▶ [Instructions to follow]: From the line containing "Must de Cartier" down to the line containing "BSCI Factory Hot" in the records below, reproduce every line exactly, ends included, and omit all others.

[Scraped caption text data]
▼
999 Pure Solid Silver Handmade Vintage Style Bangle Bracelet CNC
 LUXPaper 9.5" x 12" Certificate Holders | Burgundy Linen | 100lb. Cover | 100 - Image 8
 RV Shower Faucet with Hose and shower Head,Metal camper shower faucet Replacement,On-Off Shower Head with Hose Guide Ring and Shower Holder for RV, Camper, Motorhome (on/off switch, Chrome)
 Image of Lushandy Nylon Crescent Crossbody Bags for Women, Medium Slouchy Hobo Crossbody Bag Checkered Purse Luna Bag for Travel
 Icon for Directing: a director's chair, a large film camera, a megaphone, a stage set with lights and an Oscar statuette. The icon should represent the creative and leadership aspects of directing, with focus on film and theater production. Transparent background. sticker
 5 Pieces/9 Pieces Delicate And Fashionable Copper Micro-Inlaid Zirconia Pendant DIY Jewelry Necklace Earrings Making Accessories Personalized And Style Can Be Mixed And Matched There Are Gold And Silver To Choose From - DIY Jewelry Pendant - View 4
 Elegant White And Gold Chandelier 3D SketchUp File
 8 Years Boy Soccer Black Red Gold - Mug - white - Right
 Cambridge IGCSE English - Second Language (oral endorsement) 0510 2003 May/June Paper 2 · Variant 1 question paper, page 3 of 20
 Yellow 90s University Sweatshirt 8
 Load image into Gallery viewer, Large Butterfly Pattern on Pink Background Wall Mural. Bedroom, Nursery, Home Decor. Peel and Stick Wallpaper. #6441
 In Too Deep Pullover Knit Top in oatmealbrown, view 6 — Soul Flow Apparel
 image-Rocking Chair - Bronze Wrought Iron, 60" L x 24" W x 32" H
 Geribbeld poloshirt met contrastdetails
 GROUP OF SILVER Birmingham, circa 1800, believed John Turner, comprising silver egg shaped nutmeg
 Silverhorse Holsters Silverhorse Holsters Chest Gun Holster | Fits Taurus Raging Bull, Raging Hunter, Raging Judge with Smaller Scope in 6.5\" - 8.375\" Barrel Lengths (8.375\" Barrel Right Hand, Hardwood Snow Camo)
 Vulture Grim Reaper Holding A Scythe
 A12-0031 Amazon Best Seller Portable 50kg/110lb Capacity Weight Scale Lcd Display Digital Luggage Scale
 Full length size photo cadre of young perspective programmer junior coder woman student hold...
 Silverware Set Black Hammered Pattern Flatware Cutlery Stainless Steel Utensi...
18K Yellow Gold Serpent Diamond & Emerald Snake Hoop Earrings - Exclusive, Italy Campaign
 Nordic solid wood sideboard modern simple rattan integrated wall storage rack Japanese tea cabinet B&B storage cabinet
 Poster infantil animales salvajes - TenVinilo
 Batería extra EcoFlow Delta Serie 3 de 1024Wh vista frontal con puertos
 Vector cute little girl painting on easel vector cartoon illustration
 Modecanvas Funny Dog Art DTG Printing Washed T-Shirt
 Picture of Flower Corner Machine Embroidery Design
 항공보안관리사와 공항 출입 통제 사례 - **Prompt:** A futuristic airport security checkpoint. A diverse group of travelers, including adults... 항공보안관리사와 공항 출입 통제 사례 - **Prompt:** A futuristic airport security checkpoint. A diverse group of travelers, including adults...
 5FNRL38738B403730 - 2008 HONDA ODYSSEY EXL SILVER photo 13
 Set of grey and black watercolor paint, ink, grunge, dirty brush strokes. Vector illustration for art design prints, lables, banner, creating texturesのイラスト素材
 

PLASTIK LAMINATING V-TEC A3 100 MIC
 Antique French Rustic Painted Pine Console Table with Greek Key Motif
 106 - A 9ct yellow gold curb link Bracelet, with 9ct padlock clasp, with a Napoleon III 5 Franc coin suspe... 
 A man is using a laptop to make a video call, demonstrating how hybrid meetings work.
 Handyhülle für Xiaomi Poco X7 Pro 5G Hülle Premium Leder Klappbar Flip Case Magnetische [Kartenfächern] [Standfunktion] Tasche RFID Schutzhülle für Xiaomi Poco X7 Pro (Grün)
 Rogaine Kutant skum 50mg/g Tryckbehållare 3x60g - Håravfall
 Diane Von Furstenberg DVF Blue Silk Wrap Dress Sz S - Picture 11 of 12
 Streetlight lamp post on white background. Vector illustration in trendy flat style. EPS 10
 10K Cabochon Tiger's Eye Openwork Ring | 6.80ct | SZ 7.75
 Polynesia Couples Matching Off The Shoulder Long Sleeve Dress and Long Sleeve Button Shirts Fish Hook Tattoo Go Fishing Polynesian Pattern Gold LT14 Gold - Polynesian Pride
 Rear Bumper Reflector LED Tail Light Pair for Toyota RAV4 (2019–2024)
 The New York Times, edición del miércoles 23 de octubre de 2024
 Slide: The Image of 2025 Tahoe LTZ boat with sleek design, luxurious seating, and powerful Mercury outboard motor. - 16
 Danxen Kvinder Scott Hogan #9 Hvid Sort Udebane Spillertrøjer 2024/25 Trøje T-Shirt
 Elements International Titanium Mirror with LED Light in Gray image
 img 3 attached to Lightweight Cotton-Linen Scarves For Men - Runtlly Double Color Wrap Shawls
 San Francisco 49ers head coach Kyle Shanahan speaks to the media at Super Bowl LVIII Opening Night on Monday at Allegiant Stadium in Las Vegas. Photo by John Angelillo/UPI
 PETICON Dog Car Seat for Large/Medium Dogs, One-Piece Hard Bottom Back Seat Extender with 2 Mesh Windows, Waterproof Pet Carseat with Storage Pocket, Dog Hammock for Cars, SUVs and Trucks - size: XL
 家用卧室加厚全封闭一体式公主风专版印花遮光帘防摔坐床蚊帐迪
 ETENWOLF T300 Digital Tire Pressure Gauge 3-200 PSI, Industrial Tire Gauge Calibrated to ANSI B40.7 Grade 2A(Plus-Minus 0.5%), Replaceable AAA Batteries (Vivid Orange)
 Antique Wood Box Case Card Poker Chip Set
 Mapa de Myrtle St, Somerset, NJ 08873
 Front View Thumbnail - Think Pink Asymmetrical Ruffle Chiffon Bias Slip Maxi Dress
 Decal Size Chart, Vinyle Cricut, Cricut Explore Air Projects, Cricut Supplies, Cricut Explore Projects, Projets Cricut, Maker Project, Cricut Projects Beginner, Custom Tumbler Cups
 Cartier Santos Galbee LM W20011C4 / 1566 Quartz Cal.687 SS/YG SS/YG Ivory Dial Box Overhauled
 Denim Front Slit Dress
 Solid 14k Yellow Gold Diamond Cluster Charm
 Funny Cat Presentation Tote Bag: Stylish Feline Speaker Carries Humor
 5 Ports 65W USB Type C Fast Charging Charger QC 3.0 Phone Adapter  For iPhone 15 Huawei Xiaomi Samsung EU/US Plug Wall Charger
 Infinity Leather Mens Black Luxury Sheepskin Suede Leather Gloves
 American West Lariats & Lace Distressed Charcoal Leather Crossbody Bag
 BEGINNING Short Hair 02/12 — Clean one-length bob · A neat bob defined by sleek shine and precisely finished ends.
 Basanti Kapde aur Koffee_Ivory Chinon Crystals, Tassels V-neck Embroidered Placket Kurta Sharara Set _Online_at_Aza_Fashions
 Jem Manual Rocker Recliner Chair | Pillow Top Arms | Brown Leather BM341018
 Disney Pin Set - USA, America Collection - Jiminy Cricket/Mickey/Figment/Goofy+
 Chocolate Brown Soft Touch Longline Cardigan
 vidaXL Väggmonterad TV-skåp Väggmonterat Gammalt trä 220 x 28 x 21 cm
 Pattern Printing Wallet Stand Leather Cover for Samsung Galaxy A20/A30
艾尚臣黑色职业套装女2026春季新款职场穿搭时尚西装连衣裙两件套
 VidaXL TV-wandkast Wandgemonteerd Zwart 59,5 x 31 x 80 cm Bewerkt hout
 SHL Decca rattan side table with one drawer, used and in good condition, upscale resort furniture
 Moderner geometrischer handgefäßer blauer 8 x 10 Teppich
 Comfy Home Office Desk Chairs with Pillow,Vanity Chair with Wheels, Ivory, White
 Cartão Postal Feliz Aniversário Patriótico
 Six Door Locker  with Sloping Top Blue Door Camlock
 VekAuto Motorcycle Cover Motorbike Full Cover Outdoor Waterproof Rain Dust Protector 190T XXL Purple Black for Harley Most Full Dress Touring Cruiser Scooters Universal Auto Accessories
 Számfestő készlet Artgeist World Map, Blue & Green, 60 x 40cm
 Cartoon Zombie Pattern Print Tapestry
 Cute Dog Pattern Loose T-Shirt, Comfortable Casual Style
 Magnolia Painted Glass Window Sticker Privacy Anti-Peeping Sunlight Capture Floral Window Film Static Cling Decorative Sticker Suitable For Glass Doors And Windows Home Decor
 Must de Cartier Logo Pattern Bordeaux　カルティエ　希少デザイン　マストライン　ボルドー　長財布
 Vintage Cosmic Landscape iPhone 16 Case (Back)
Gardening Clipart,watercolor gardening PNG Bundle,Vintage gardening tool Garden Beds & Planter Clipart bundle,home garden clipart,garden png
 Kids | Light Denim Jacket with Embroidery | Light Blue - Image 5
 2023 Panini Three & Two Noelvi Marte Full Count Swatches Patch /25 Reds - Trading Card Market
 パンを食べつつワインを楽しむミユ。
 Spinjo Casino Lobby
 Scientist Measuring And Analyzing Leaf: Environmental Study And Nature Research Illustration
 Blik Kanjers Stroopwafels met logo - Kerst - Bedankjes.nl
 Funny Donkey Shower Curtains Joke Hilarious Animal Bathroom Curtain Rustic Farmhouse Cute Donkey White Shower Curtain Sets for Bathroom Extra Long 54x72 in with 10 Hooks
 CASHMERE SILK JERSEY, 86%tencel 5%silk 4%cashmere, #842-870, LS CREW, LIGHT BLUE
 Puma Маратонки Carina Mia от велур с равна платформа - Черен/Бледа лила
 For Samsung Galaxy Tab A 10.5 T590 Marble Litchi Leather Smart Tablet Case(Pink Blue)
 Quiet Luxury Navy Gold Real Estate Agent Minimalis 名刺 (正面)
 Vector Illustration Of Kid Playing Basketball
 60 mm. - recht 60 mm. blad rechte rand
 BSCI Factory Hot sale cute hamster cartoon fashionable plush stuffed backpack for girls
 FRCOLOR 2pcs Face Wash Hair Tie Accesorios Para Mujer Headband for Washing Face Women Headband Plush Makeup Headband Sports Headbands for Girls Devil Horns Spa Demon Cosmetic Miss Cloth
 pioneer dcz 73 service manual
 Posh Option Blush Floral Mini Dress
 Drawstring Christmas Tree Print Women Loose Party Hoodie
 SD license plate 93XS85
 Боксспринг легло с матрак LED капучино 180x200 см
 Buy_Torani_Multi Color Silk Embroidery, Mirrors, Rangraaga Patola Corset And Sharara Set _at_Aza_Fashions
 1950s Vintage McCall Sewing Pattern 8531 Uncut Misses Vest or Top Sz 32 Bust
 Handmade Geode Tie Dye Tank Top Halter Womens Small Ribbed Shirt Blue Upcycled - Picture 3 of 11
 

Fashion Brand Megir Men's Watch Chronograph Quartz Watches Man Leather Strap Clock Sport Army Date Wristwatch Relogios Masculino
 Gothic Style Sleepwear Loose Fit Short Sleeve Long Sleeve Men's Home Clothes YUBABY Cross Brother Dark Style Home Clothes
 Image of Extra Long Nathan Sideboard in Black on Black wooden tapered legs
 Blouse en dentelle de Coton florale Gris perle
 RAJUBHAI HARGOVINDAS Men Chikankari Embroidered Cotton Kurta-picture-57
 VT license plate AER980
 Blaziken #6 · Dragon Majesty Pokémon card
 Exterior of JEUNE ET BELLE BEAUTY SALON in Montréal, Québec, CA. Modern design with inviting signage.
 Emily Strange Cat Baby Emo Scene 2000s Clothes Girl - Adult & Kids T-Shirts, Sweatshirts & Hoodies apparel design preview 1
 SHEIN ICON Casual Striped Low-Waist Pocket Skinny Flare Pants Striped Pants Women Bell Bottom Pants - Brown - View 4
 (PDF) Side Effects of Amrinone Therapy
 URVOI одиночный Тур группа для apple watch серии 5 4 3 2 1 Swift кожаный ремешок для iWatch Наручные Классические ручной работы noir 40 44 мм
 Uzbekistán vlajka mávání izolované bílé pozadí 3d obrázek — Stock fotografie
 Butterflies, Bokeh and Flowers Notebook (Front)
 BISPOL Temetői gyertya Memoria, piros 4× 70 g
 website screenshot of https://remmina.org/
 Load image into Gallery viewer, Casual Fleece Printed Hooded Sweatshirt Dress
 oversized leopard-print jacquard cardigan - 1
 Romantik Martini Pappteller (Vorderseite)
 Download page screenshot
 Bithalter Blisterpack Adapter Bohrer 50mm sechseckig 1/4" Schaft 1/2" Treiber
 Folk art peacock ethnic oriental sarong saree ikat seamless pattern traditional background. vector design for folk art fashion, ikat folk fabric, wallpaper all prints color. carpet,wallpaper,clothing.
▲
▶ [Exercise response]:
 Must de Cartier Logo Pattern Bordeaux　カルティエ　希少デザイン　マストライン　ボルドー　長財布
 Vintage Cosmic Landscape iPhone 16 Case (Back)
Gardening Clipart,watercolor gardening PNG Bundle,Vintage gardening tool Garden Beds & Planter Clipart bundle,home garden clipart,garden png
 Kids | Light Denim Jacket with Embroidery | Light Blue - Image 5
 2023 Panini Three & Two Noelvi Marte Full Count Swatches Patch /25 Reds - Trading Card Market
 パンを食べつつワインを楽しむミユ。
 Spinjo Casino Lobby
 Scientist Measuring And Analyzing Leaf: Environmental Study And Nature Research Illustration
 Blik Kanjers Stroopwafels met logo - Kerst - Bedankjes.nl
 Funny Donkey Shower Curtains Joke Hilarious Animal Bathroom Curtain Rustic Farmhouse Cute Donkey White Shower Curtain Sets for Bathroom Extra Long 54x72 in with 10 Hooks
 CASHMERE SILK JERSEY, 86%tencel 5%silk 4%cashmere, #842-870, LS CREW, LIGHT BLUE
 Puma Маратонки Carina Mia от велур с равна платформа - Черен/Бледа лила
 For Samsung Galaxy Tab A 10.5 T590 Marble Litchi Leather Smart Tablet Case(Pink Blue)
 Quiet Luxury Navy Gold Real Estate Agent Minimalis 名刺 (正面)
 Vector Illustration Of Kid Playing Basketball
 60 mm. - recht 60 mm. blad rechte rand
 BSCI Factory Hot sale cute hamster cartoon fashionable plush stuffed backpack for girls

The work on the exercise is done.